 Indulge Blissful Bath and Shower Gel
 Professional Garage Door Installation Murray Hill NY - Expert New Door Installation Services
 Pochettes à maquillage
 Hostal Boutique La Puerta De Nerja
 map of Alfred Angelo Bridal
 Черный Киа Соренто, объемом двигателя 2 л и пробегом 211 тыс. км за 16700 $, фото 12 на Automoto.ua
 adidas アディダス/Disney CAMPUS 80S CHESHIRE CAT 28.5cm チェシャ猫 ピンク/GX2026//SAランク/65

What is required - From the line containing "Hostal Boutique La Puerta De Nerja" down to the last line of the records, transcribe every line exactly and add nothing else.

Output of the exercise -
 Hostal Boutique La Puerta De Nerja
 map of Alfred Angelo Bridal
 Черный Киа Соренто, объемом двигателя 2 л и пробегом 211 тыс. км за 16700 $, фото 12 на Automoto.ua
 adidas アディダス/Disney CAMPUS 80S CHESHIRE CAT 28.5cm チェシャ猫 ピンク/GX2026//SAランク/65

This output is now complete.